OpenMathLib / OpenBLAS

OpenBLAS is an optimized BLAS library based on GotoBLAS2 1.13 BSD version.
http://www.openblas.net
BSD 3-Clause "New" or "Revised" License
6.39k stars 1.5k forks source link

sgemm_kernel crash #1134

Closed gangliao closed 7 years ago

gangliao commented 7 years ago

Hi,

We use the OpenBLAS as our third party libs in PaddlePaddle. Occasionally, some user has sgemm_kernel error when they execute our demo?

Any idea how to fix it?

Thanks a lot.

[I 10:03:53.531 NotebookApp] Kernel started: 355ddf25-33ed-49ed-a397-c43d10f22651 I0322 10:04:22.283298 13 Util.cpp:160] commandline: --use_gpu=False --trainer_count=1 I0322 10:04:23.307060 13 GradientMachine.cpp:86] Initing parameters.. I0322 10:04:23.307096 13 GradientMachine.cpp:93] Init parameters done. 
Thread [139674572465920] Forwarding __fc_layer_0__, x, 
*** Aborted at 1490177067 (unix time) try "date -d @1490177067"
 if you are using GNU date
 *** PC: @ 0x0 (unknown) *** SIGILL (@0x7f08633e4522) received by PID 13 (TID 0x7f088546a700) 
from PID 1665025314;
 stack trace: *** @ 0x7f0884c24890 (unknown) 
@ 0x7f08633e4522 sgemm_kernel 
[I 10:04:29.532 NotebookApp] KernelRestarter: restarting kernel (1/5) 
WARNING:root:kernel 355ddf25-33ed-49ed-a397-c43d10f22651 restarted
martin-frbg commented 7 years ago

Is this a single occurence, or do you get similar reports from other users as well ? From your issue 248 I take it this is on an i5-2450M ("SandyBridge" core) running Ubuntu 16.04 - do you supply your own copy of OpenBLAS with your software or is this with whatever version 16.04 ships by default ? (Perhaps it might even make sense to have your user check (with update-alternatives) that it is actually OpenBLAS that they are using, rather than netlib or atlas ?) In my experience, SIGILL can mean either a genuine instruction that the cpu is not capable of handling (unlikely unless this is with an OpenBLAS that was built specifically for TARGET=HASWELL) or stack corruption creating absurd return addresses for a function. In the latter case it would help to know if the problem is reproducible on another system (preferably not using the same Ubuntu 16.04), or to have a minimal self-contained example (I assume your demo does a lot more than just the problematic sgemm call)

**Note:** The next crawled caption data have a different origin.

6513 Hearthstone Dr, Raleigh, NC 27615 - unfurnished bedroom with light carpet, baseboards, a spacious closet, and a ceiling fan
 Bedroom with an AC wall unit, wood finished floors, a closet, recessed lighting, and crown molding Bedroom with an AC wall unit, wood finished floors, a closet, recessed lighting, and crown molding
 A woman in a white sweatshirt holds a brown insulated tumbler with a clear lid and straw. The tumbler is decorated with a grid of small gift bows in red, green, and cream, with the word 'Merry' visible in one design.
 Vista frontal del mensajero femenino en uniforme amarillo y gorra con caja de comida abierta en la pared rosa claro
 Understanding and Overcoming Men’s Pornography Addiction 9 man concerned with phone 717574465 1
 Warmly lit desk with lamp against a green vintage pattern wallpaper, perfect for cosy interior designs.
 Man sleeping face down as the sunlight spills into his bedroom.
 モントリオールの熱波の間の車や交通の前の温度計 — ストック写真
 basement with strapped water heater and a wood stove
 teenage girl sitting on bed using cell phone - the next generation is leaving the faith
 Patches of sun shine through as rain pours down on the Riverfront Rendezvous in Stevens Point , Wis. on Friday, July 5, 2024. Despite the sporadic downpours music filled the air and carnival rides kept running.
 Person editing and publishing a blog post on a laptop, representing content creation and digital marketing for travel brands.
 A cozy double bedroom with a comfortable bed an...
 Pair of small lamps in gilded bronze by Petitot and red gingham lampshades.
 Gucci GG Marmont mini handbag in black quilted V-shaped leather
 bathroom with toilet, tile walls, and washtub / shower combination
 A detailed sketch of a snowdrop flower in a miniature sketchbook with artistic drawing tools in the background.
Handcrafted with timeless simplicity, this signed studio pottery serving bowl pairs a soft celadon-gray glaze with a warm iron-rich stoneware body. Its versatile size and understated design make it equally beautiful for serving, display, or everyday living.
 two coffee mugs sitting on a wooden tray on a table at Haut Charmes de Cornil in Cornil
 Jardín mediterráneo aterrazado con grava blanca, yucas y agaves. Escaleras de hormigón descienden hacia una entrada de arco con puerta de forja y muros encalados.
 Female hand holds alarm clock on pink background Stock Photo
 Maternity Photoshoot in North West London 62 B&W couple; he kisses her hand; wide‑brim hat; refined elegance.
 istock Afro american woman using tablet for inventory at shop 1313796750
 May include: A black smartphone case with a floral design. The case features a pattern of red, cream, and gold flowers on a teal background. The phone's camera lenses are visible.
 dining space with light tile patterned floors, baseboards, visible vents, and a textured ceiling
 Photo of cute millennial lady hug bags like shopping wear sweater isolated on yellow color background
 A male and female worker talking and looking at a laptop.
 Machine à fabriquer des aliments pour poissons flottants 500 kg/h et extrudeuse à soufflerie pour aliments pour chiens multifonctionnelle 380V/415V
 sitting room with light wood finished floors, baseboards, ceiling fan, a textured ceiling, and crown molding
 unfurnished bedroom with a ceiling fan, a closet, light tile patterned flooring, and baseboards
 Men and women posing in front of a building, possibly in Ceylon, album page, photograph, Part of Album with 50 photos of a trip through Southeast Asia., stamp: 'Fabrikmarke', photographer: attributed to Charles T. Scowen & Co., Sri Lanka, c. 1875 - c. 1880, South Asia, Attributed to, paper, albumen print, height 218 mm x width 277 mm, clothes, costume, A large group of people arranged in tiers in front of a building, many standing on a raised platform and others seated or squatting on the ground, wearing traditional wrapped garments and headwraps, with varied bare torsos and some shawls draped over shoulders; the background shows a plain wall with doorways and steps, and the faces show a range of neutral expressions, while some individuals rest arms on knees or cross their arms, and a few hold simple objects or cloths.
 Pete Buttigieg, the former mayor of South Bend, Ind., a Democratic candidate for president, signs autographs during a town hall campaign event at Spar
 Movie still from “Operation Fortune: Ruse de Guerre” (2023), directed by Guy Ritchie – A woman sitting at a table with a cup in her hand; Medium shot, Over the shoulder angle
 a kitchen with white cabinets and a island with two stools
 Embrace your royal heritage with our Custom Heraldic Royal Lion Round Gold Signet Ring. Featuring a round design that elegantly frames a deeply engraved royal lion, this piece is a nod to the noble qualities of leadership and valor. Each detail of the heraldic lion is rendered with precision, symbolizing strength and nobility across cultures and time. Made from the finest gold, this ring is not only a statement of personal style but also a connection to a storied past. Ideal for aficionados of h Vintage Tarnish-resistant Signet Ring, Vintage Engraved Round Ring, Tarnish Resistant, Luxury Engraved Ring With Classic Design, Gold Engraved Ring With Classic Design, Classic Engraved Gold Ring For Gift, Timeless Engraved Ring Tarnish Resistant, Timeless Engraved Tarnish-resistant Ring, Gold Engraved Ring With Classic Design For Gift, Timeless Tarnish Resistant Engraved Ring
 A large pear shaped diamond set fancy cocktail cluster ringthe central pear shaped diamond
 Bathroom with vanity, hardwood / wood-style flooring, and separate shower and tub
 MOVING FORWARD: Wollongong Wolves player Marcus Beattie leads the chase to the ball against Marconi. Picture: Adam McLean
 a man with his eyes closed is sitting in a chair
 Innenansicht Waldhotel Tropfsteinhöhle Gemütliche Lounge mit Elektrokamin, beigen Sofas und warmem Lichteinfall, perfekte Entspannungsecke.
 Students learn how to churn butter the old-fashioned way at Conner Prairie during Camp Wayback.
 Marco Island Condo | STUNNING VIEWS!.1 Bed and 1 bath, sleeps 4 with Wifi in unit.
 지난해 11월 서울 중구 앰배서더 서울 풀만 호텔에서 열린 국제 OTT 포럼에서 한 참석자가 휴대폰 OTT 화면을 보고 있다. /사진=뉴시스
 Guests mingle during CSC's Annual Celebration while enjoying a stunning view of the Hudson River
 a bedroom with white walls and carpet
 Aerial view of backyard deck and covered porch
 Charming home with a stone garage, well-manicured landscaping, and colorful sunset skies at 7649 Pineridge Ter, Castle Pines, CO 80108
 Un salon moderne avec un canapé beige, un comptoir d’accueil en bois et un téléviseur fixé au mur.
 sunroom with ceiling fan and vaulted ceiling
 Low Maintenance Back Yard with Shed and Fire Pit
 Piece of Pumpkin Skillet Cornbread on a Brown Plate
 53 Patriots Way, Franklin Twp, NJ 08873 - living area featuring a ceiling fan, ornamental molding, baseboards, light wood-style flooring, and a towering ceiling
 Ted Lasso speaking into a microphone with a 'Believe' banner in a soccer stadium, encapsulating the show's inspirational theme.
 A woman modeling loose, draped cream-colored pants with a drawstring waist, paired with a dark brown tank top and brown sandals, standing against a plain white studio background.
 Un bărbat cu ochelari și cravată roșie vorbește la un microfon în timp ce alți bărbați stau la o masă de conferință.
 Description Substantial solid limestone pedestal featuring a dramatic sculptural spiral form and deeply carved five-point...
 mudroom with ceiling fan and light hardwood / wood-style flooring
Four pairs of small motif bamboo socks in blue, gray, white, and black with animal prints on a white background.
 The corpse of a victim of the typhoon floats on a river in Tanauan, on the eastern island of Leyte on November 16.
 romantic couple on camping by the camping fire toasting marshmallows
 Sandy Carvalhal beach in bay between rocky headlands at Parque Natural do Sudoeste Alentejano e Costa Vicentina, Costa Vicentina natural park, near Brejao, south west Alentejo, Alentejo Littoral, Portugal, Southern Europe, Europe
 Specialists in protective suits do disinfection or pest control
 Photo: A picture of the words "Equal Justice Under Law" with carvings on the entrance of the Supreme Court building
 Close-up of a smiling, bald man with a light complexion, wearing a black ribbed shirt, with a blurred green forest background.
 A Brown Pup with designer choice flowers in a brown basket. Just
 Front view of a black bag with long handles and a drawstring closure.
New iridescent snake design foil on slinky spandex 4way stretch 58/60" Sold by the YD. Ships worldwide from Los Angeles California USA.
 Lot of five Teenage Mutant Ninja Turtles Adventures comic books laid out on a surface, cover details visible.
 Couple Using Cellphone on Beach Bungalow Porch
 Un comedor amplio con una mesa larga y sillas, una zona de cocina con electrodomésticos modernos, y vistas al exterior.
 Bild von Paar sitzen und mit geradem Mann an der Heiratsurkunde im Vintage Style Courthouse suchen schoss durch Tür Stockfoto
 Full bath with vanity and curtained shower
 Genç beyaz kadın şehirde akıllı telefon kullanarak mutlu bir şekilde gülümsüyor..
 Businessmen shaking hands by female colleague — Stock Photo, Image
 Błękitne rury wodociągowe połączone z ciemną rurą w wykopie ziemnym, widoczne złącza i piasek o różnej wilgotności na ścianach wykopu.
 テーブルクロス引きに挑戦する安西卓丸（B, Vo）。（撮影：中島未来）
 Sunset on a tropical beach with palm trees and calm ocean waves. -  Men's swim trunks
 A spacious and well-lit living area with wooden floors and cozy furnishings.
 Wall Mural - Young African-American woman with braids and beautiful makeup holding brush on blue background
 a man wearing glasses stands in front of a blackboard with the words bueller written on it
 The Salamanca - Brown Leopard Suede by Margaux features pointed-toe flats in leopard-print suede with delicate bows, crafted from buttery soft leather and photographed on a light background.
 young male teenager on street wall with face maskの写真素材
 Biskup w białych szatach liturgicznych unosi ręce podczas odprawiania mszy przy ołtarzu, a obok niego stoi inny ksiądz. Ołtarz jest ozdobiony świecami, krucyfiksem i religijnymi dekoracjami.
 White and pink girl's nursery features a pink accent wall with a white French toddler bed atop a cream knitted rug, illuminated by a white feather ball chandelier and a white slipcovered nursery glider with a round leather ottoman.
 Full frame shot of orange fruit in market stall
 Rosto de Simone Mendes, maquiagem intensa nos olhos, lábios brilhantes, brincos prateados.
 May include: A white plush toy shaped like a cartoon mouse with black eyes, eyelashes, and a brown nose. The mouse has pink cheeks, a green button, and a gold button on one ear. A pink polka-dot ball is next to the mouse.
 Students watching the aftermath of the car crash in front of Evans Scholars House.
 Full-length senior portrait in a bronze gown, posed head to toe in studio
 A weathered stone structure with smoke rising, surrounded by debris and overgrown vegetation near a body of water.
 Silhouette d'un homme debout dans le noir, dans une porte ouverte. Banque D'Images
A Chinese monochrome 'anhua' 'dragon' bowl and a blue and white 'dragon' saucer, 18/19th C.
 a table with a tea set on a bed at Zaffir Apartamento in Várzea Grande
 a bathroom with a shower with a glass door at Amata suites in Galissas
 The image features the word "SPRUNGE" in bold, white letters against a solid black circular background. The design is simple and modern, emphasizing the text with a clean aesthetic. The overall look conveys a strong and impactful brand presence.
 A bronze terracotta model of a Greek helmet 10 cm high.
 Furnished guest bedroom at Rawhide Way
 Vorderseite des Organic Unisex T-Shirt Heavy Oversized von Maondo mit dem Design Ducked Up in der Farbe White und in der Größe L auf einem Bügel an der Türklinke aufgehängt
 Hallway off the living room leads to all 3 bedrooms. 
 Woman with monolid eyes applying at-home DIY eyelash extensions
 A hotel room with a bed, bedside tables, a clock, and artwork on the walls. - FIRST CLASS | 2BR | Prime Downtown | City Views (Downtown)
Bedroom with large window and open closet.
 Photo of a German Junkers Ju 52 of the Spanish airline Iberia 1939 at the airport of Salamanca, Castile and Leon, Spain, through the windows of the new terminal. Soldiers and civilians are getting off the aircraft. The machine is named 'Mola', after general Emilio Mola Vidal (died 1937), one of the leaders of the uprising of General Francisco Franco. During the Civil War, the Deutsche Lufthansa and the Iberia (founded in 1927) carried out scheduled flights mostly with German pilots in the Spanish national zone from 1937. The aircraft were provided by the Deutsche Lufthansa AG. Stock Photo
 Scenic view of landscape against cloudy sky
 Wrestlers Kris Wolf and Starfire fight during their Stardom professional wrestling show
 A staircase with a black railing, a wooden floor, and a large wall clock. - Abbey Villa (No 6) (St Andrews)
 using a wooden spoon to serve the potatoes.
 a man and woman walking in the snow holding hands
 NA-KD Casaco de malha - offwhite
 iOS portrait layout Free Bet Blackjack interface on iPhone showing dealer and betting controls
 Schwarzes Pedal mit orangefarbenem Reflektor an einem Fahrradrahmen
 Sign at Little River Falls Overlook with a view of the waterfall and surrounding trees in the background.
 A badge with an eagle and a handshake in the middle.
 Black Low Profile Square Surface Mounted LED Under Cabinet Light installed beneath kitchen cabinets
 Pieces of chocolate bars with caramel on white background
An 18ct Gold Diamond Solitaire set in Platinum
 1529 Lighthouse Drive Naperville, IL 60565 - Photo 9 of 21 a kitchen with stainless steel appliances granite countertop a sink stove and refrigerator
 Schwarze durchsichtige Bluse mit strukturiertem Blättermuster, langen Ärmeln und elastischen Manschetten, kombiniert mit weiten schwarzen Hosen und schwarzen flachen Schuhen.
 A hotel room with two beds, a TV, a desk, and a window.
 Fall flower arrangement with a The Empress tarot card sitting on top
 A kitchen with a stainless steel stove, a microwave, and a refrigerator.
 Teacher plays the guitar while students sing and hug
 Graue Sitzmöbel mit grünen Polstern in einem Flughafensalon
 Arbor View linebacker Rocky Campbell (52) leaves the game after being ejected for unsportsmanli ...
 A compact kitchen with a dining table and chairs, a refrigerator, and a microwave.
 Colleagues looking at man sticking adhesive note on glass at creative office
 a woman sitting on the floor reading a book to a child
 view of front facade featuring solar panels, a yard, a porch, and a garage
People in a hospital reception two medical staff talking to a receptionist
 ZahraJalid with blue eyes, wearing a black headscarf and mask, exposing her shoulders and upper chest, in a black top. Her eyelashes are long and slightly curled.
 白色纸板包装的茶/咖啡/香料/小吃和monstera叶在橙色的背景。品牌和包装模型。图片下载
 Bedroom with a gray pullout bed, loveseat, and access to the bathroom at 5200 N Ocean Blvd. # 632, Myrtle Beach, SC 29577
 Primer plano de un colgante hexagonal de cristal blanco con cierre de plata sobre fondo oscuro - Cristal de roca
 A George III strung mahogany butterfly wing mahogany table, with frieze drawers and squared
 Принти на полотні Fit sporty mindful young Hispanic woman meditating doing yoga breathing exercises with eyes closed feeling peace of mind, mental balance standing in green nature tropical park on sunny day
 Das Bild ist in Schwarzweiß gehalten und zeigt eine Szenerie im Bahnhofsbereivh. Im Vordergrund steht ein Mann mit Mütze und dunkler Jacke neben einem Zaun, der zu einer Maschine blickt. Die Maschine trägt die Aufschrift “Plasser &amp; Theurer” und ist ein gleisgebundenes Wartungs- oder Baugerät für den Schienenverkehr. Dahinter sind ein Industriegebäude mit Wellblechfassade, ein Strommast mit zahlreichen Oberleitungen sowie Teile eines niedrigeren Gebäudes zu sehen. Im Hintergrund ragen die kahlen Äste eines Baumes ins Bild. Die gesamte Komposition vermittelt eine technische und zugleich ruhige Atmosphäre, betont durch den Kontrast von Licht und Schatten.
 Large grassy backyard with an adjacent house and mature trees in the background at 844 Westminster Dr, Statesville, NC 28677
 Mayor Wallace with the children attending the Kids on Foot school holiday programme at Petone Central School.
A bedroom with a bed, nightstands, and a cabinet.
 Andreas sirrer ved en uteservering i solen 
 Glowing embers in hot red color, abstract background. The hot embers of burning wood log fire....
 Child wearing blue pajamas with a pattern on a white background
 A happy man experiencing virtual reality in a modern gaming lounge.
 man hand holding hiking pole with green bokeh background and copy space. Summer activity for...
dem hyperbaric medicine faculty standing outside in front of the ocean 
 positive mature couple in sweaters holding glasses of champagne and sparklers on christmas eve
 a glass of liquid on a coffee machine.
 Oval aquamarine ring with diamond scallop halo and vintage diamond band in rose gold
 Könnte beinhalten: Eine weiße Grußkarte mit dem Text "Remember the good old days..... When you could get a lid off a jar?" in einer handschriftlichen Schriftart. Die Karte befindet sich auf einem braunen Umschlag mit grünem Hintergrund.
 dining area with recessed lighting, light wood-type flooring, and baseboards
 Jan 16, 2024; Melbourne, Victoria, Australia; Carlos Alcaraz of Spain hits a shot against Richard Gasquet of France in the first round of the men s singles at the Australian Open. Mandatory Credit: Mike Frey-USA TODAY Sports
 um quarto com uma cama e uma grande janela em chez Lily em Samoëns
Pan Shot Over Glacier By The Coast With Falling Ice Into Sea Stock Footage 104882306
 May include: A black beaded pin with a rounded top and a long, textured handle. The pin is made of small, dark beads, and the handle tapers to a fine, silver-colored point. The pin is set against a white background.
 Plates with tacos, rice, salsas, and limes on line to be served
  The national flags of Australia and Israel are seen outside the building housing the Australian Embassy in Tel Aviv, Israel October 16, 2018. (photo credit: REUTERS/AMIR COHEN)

gangliao commented 7 years ago

@martin-frbg This problem is from https://github.com/PaddlePaddle/book/issues/248.

Actually, This is a docker image, as the user said

I just test it on a Microsoft Azure Ubuntu 16.04 instance and it works.
It is most probably a missing instruction on my laptop.

For PaddlePaddle, we use external project to build OpenBlas https://github.com/PaddlePaddle/Paddle/blob/develop/cmake/external/openblas.cmake#L48

How to build a more generic libopenblas.a?

martin-frbg commented 7 years ago

That cmake file would indeed build an OpenBLAS that is tailored to the cpu of the build system. Please add "DYNAMIC_ARCH=1" to the build flags to get a (bigger) libopenblas.a with support for a range of x86 cpus (and builtin code to select the most appropriate one at runtime), or if library size is a concern build for the oldest, least sophisticated cpu you expect to encounter, e.g. TARGET=NEHALEM.

gangliao commented 7 years ago

Thanks for your suggestion, really helpful!

brada4 commented 7 years ago

You also need to install ubuntu cblas wrapper and probably some libblas-dev package so that padel build system detects cblas and skips making broken local build.

brada4 commented 7 years ago

I examined other issue. Can you get /proc/cpuinfo (last core is enough) from inside particular docker container?

gangliao commented 7 years ago

https://github.com/PaddlePaddle/Paddle/issues/1697 @brada4 Shall we also need to build cblas?

brada4 commented 7 years ago

Invalid instruction comes from single-architecture build since sgemm_kernel is not present in DYNAMIC_ARCH build, there you find:

sgemm_kernel_ATOM
sgemm_kernel_BARCELONA
sgemm_kernel_BOBCAT
sgemm_kernel_BULLDOZER
sgemm_kernel_CORE2
sgemm_kernel_DUNNINGTON
sgemm_kernel_EXCAVATOR
sgemm_kernel_HASWELL
sgemm_kernel_NANO
sgemm_kernel_NEHALEM
sgemm_kernel_OPTERON
sgemm_kernel_OPTERON_SSE3
sgemm_kernel_PENRYN
sgemm_kernel_PILEDRIVER
sgemm_kernel_PRESCOTT
sgemm_kernel_SANDYBRIDGE
sgemm_kernel_STEAMROLLER

Building less saves your time building?

Since you install numpy (seen in your dockerfile) I would suggest to install libblas-dev libcblas? and libopenblas-dev (0.2.18 if you stay with ubuntu 16LTS) and select openblas as libblas.so.3 using update-alternatives. And check all build logs that you link libraries only to libblas (one that redirects, not one that is reference implementation) and not to any specific implementation of BLAS.

martin-frbg commented 7 years ago

@brada4 I think the original issue is clear by now. I take it you want to discourage them from building OpenBLAS themselves, and rely on the older version provided by Ubuntu instead ? @gangliao which combination of options did you use for the docker build that failed (and if you used the same source tree as before, did you do a "make clean" first to remove potentially incompatible files from the previous build) ?

brada4 commented 7 years ago

@martin-frbg indeed. They have ubuntu numpy, which means that they will have 2 BLAS implementations in same process (one built and other update-alternatives). I could add to FAQ how to add latest OpenBLAS to Debian and LTS alternatives - hmm?

Another thing - docker container is a virtual machine, hard to guess it is KVM or qemu emulator. (Hyper-V nesting KVM as on azure works fine already)